Things Change and People Change
December 1, 2014
75 days is a long time to be away from home, but 730 days is even longer.
For two years I have lived at school pretty much year around. Occasionally I would go home, for a day, a weekend if I was lucky. The last time I have been home for more than a couple hours was 75 days ago. The weekend of September 14th to be exact. The only reason I could remember this was because it was my best friend’s birthday.
I worked with her mom for a couple weeks trying to plan a surprise birthday party. She was turning 21. I told a few of our other friends from high school, the few that we talked to anymore, and I got a few of them to go. I drove home and we successfully pulled off the surprise party, but it just wasn’t the same.
Things have been different since I stopped coming home all the time and it breaks my heart. Thanksgiving weekend is the first weekend of the school year where everyone comes home from college. Where I am from, the Wednesday night before Thanksgiving is known as “Valley New Year”. I was asked if I was going out, but being the person that I am, I kindly denied the invitation. I just wanted to sleep and relax, it had been a while since I have been able to do just that.
That was one day that I turned down plans. Not only did I just really want to sleep, but it was snowing and it is one of the biggest bar nights of the year. Technically I didn’t even turn down plans considering no one wanted to go out anyway.
Obviously with Thursday being Thanksgiving, it was a big family day. Everyone spends time with their family and does their own thing. I understand that, and it gave me two days to see my friends and when you look at it two days isn’t a lot of time. I sent out a group text about hanging out with two of my best friends, and it didn’t go as planned.
Both of my friends said that they were good for later on Friday. One had to work, the other was going shopping, okay, I didn’t want to get up early anyway. I had to go see my grandparents and my aunt, so I had plenty of time to waste. Then it came time to leave my grandparents’ house and I hadn’t heard from them, so I texted them. I was giving them from the time I left the driveway to the time I got to the highway in the town they lived in. I heard nothing. So I choked back the tears, and drove home.
I felt like I had been stood up. As soon as I got home one of them texted me back. I told them that I had just gotten home because I wasn’t going to drive around Derby all night until someone answered me. If they wanted to come up to where I lived, by all means, but of course that never happens. Later on they tried to make plans with me again for Saturday. I said if they wanted to do something just let me know, I wasn’t going to waste my day driving back and forth between where I lived and where they lived. Eventually we came up with some plans.

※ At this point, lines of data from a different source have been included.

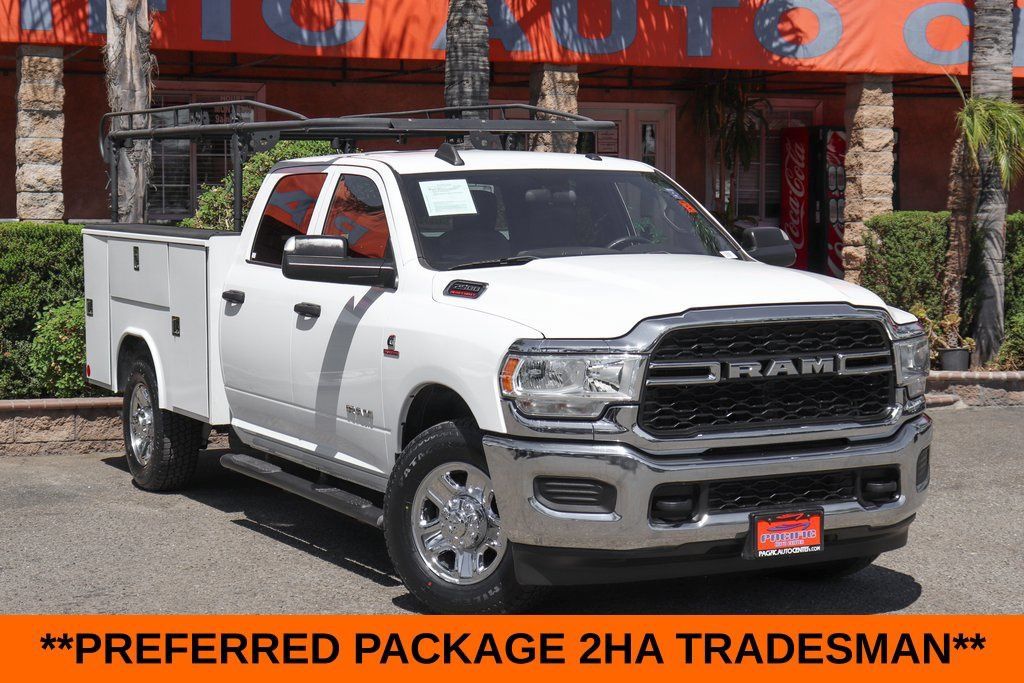 Used 2021 RAM 2500 Tradesman w/ Chrome Appearance Group RWD image 2
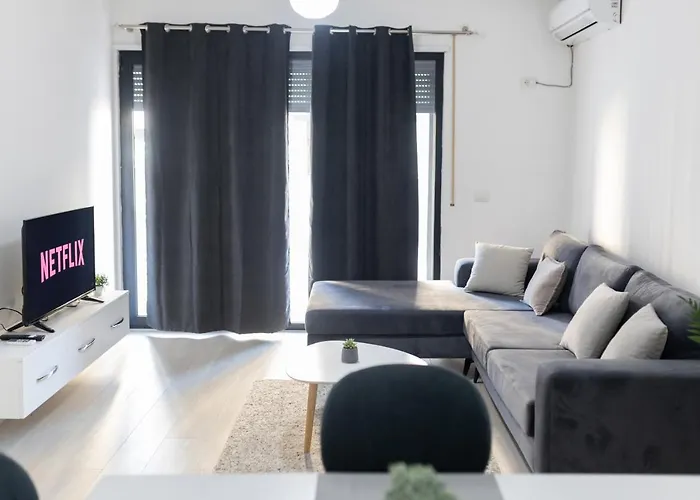 Top Bnb Tirana Appartamento *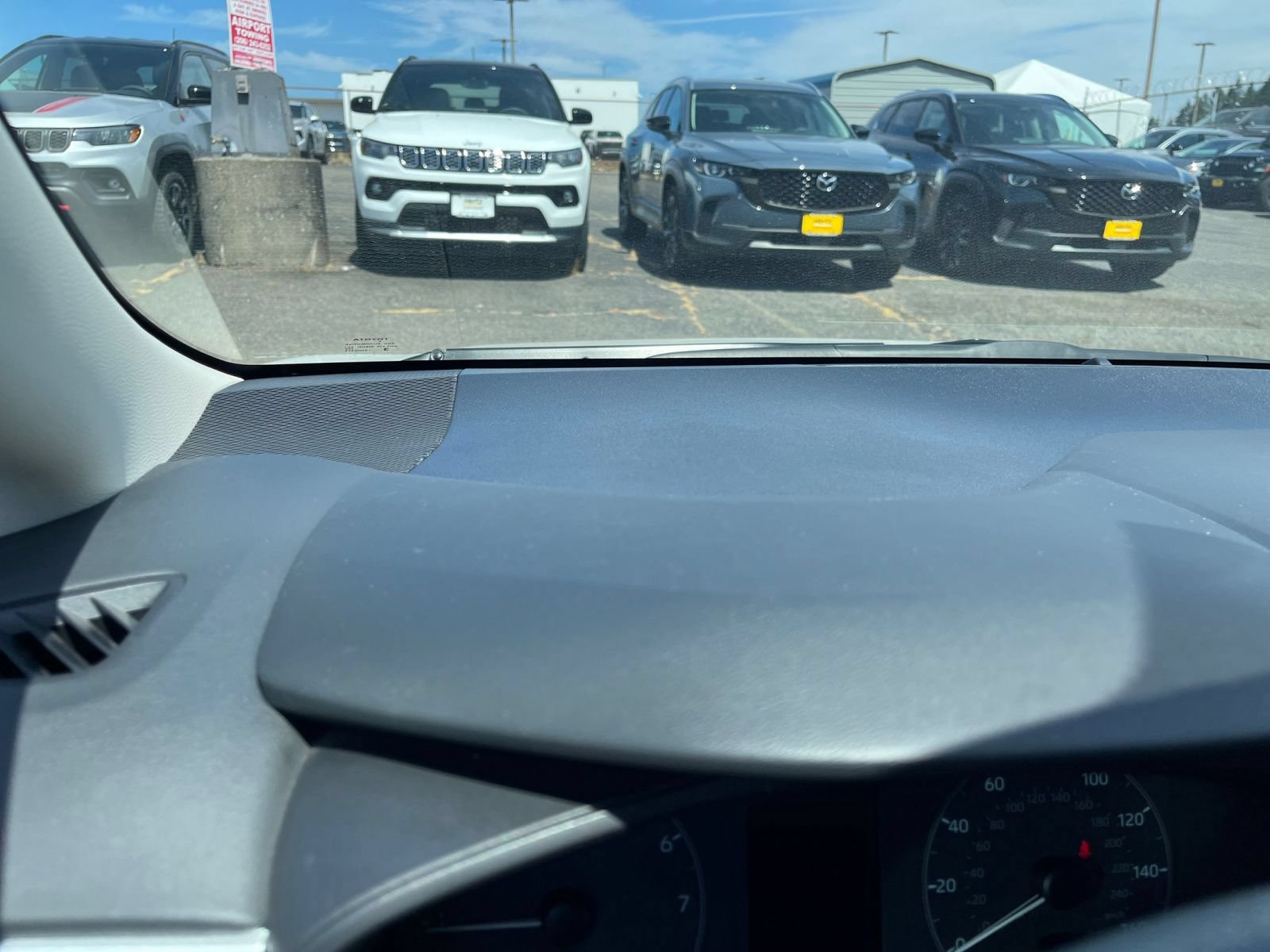 Used 2025 Toyota Corolla LE FWD image 33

From the second one of them apologized for blowing Friday off because she wanted to spend time with her boyfriend before he left, I knew it wasn’t going to be the same. I hadn’t been home in three months, to me it felt like she had seen her boyfriend or even talked to him more in the past three months than she had me. I never heard from her unless I texted her first, and even then there were possibilities of her not answering me.
When I first left for school, we talked every day. She would love that I came home all the time, and we would see each other every time. Then I started staying over the summer and I just never saw her anymore. I would ask all the time if she would come up and visit, and she always said yes, but never did. Even now, I ask if she would come up and never does, even though she says yes.

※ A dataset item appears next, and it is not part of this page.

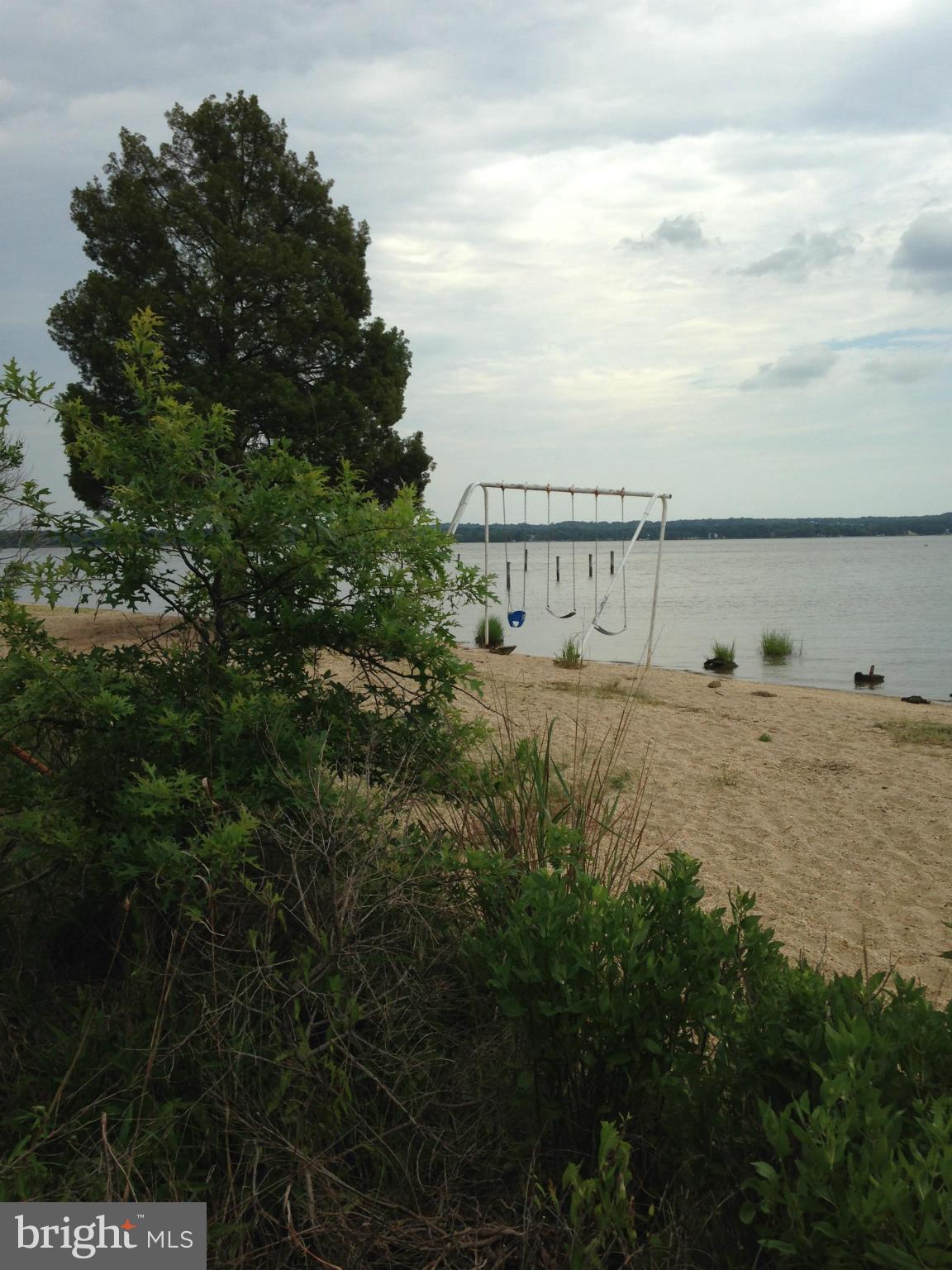 GOLDEN BEACH - Residential Lease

There are a couple things I have learned over the long weekend. After you move away from your home, you move away from everything. Things become distant, mostly people. You aren’t there, and people find other things, other people.

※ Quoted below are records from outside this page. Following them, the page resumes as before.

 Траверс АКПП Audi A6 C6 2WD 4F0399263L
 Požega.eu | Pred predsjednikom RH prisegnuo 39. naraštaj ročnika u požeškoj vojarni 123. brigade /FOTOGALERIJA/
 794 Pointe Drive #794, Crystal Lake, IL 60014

I realized that when we finally went out and went to dinner, things were weird. The entire time pretty much she spent it on her phone texting her boyfriend. My other friend who had been sick for at least a month could barely talk without having a coughing fit. He and I talked more than she did. When we were coming to the end of dinner, the question about walking around the mall came up, and she said she had to get home. Barely talks the entire time then has to go home, okay. I understand, I’ll take you home, I didn’t have an attitude about it, I wasn’t upset I was just going to do it. I took her home first, before my other friend. After I dropped her off, we ended the night with a hug that said, “I miss you a lot, and I’ll see you soon” but other things didn’t make me believe it.
On the two and a half minute drive it took me to get to my other friends house, we had a better conversation than we had all night. I haven’t laughed so much in a two and a half minute period in a long time. When I got out of the car to hug him, his hug said, “I missed you, I can’t wait till you get back” and I believed it.
When you move away from your home, you move away from your friends, the life you are used to. You come into a different life with new people, new friends, but that doesn’t mean you have to leave your friends behind and forget about them. Your best friend is your best friend for a reason, and it breaks my heart to think that she may not be my best friend anymore. You would think that when your best friend comes home after so long, the first thing you would want to do is see them. Apparently not anymore. I don’t know what to make of this and I don’t know how to fix it.
I guess the only thing to really do is accept that people move on, and move on yourself. Things change, and people change. Always keep them in your heart, and maybe one day they’ll turn around and realize what has happened. It is going to hurt at first, and you may have to fight with emotions, but eventually time will help heal. Do things that keep your mind busy, and eventually it won’t hurt a much. Sometimes it doesn’t hurt as much to let go as it does to hold on.